Young children who are not accompanied by an adult will not be allowed to enter two rooms of the exhibit.

Jonathan Shaughnessy, co-ordinating curator for the exhibit, said the gallery has a responsibility to ensure that young people aren't exposed to shocking images without their parents' knowledge.

"The gallery doesn't want to censor the work that's on display in the gallery, obviously," Shaughnessy said. "But we have an obligation that we can't have young people that are unescorted go home after and say, look what I saw at the national gallery today."

Shaughnessy said the gallery would not specifically check identification at the door.

National Art Gallery director Marc Mayer said he wasn't concerned about the controversy surrounding the show.

"The show hasn't opened yet," he told reporters. "So first of all, controversy is in the eye of the beholder, and second, let's wait to see the exhibition before we have any controversy."

The gallery's exhibits have provoked opposition in the past.

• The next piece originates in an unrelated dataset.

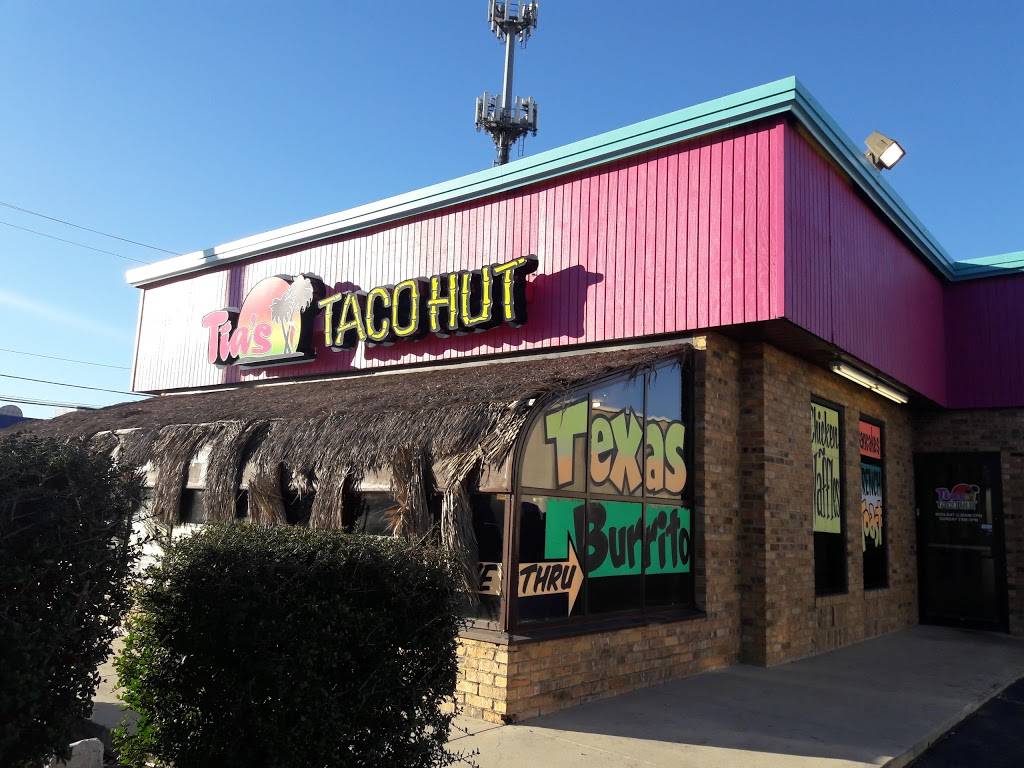 Tias Taco Hut | restaurant | 5730 Babcock Rd, San Antonio, TX 78240, USA | 2105588646 OR +1 210-558-8646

The gallery issued a warning label for several paintings by Daphne Odjig this past winter for their sexually explicit nature. Another warning was posted outside a room containing a picture of a man masturbating on the Internet.

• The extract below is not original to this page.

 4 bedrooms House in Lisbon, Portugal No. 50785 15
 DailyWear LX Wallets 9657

Diana Nemiroff, director of the art gallery at Carleton University, said part of the role of art is to provoke and challenge the viewer.

Nemiroff is no stranger to that kind of provocation. As a curator of the National Art Gallery in 1990, she defended the gallery's decision to spend $1.8 million on Barnett Newman's Voice of Fire, a massive canvas with vertical blue and red stripes that many said was too simple to be called art.

The painting sparked a parliamentary debate over what constitutes art -- and eventually appreciated significantly in value.

"Often art galleries are in a position of being taste leaders," Nemiroff said. "The aim is to bring the audience along rather than follow it."

The Pop Life exhibit opens in June and runs throughout the summer.